Development version¶
Note for Arch users: a PKGBUILD is available for your distribution on the AUR; check
libervia-backend-hg (as well as the other libervia‑* packages).
You can install the latest development version using pip. You need to have the following dependencies installed first:
Python 3 with development headers
Python 3
venv(usually installed with Python 3)Mercurial
libcairo 2 with development headers
libjpeg with development headers
libgirepository 2.0 with development headers
libdbus‑1 with development headers
libdbus‑glib‑1 with development headers
libxml2 with development headers
libxslt with development headers
D‑Bus X11 tools (required for
dbus-launch; does not need an X server)CMake
Python GPG package (and its GPG dependencies). The system package must be used because the package version has to match the system GPG version.
build-essential (basic build tools – e.g., make, GCC – for compiling native extensions)
python3-wheel (Python wheel support – pip uses it to install pre-compiled packages)
gir1.2-glib-2.0 (GObject‑Introspection bindings for GLib – required by some rontends)
On Debian and derivatives you can install all of these with the following command:
$ sudo apt-get install build-essential python3-dev python3-venv python3-wheel mercurial libxml2-dev libxslt-dev libcairo2-dev libjpeg-dev libgirepository-2.0-dev gir1.2-glib-2.0 libdbus-1-dev libdbus-glib-1-dev dbus-x11 cmake python3-gpg
On Arch Linux the command is:
$ sudo pacman -S --needed base-devel python python-wheel mercurial libxml2 libxslt cairo libjpeg-turbo gobject-introspection dbus-glib cmake python-gpgme
Installation with pipx¶
If you have pipx installed, you can easily install the development version of the backend by running:
$ pipx install --system-site-packages hg+https://repos.goffi.org/libervia-backend#egg=libervia-backend[all]

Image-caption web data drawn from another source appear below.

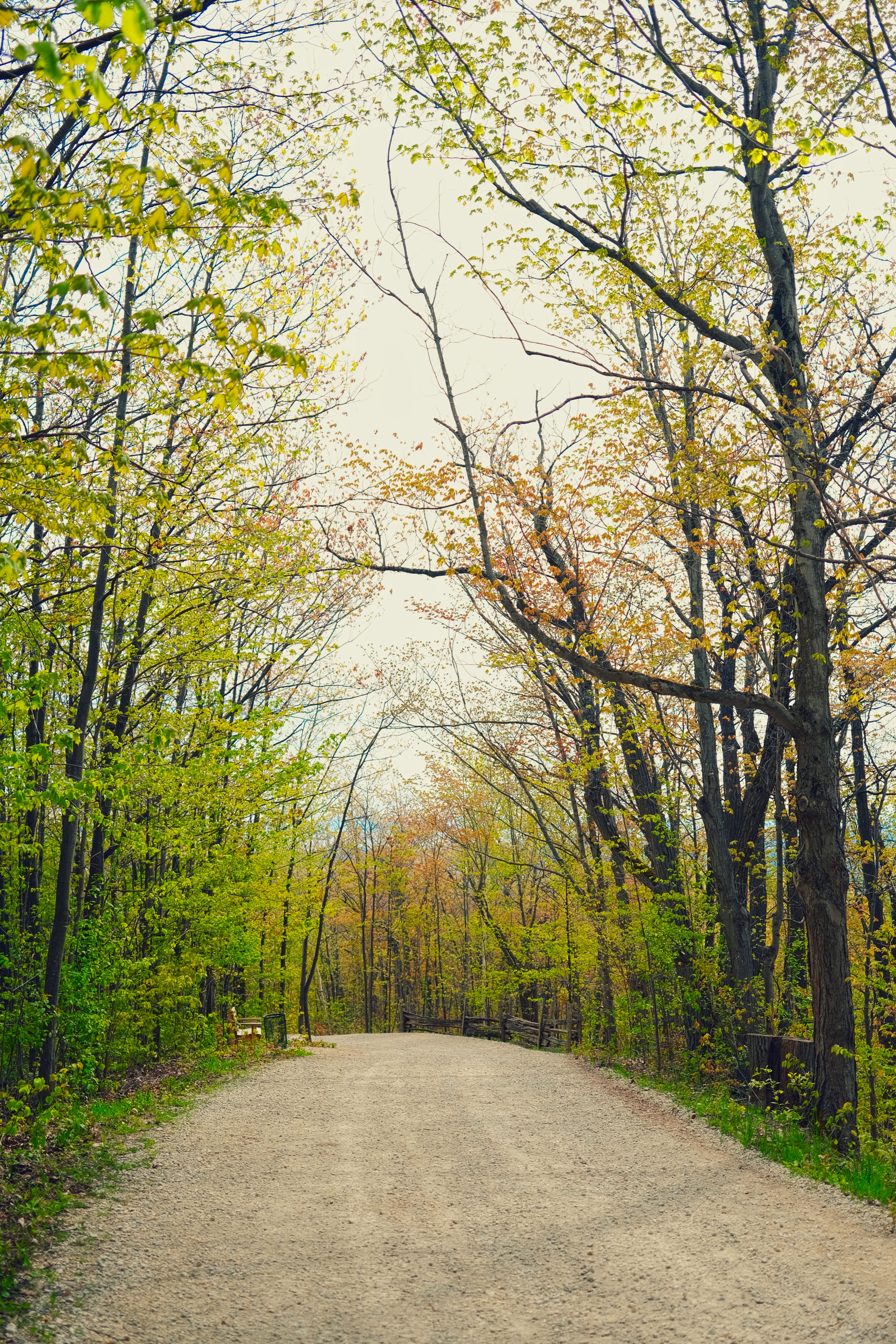 Silent Spring Walk with Forest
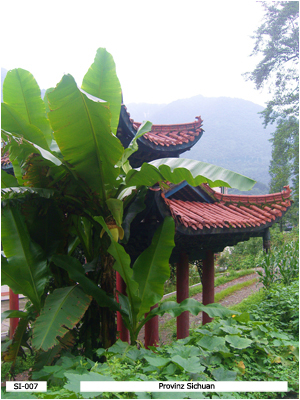 Bananenpflanze, Provinz Sichuan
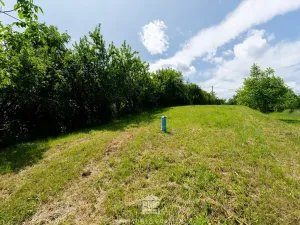 Prodej zahrady, Střelice, 931 m2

Installation with a virtual environment and pip¶
Alternatively, you can create a virtual environment, clone the repository, and pip install the backend from there.
Choose a location where you would like to install Libervia – for instance, your home directory:
$ cd
Then run the following commands (the [all] extra installs all optional dependencies
for full feature support):
$ python3 -m venv --system-site-packages libervia
$ source libervia/bin/activate
$ pip install -U pip wheel
$ hg clone https://repos.goffi.org/libervia-backend
$ cd libervia-backend
$ pip install -e .[all]
Do not worry if you see a message such as Failed building wheel for
<some_package_name>: Libervia should still work.
Post‑installation¶
After installing the backend, you may want to install the media repository (if you plan to use a graphical frontend, you may skip otherwise):
$ cd
$ hg clone https://repos.goffi.org/libervia-media
Create the configuration directory:
$ mkdir -p ~/.config/libervia
and write the file ~/.config/libervia/libervia.conf containing:
[DEFAULT]
media_dir = ~/libervia-media
Replace ~/libervia-media with the actual path you used.

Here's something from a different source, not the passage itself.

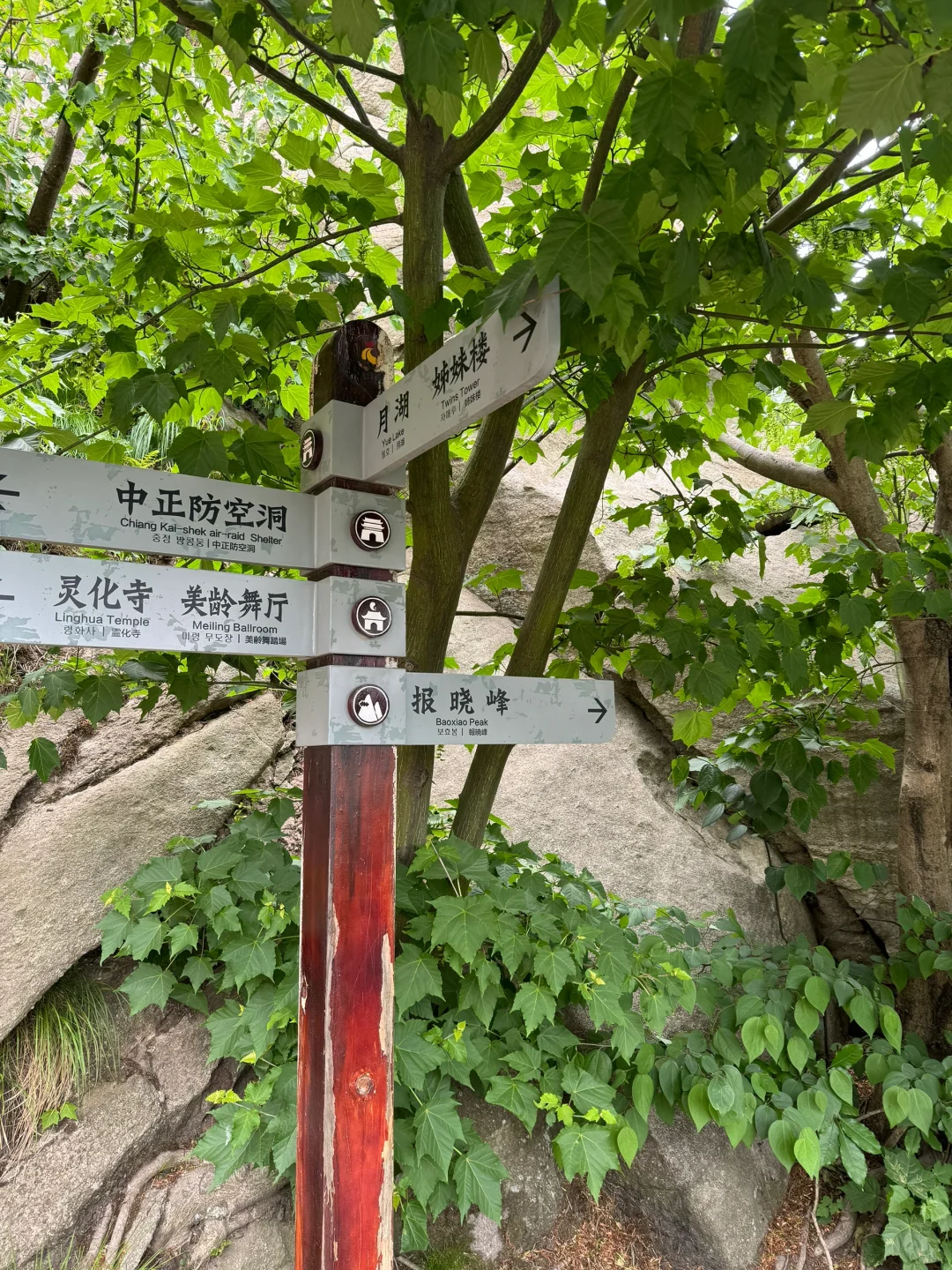 进山吸下氧😎😎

See Configuration for more details.
Launching D‑Bus (on servers)¶
If you run Libervia on a server without a desktop environment, you may need to start D‑Bus manually.
Create a shell script named dbus_launch.sh with the following content:
#!/bin/sh
DBUS_PATH="/tmp/.dbus.`whoami`"
if [ ! -e "$DBUS_PATH" ]; then
dbus-launch --sh-syntax > "$DBUS_PATH"
chmod 400 "$DBUS_PATH"
fi
cat "$DBUS_PATH"
Make it executable:
$ chmod +x /path/to/dbus_launch.sh
Before starting the backend or any frontend, evaluate the script:
$ eval $(/path/to/dbus_launch.sh)
This will launch the D-Bus daemon if needed and set the necessary environment variables.
To ensure D-Bus is active in new shell sessions, run the script again using eval in
each session. For convenience, you can add the script execution (using eval) to your
shell configuration file (e.g., .zshrc).
If you prefer not to use D‑Bus, you can use an alternative bridge such as pb by
updating the [DEFAULT] section of the configuration file:
bridge = pb
Note
Currently only D‑Bus is supported by all frontend. In particular, the web frontend supports D‑Bus exclusively. This limitation is temporary.
Usage¶
To launch the Libervia backend, run:
$ libervia-backend
To run it in the foreground:
$ libervia-backend fg
To stop the backend:
$ libervia-backend stop
To check whether the backend is running:
$ libervia-backend status
Note
If misc/org.libervia.Libervia.service is installed correctly (it should be
installed as part of the installation process), the backend is automatically launched
when a frontend needs it.
You can verify that Libervia is installed correctly by checking its version:
$ li --version
Libervia CLI 0.8.0D « La Cecília » (rev 184c66256bbc [M] (default 2021-06-09 11:35 +0200) +524) Copyright (C) 2009‑2021 Jérôme Poisson, Adrien Cossa
This program comes with ABSOLUTELY NO WARRANTY;
This is free software, and you are welcome to redistribute it under certain conditions.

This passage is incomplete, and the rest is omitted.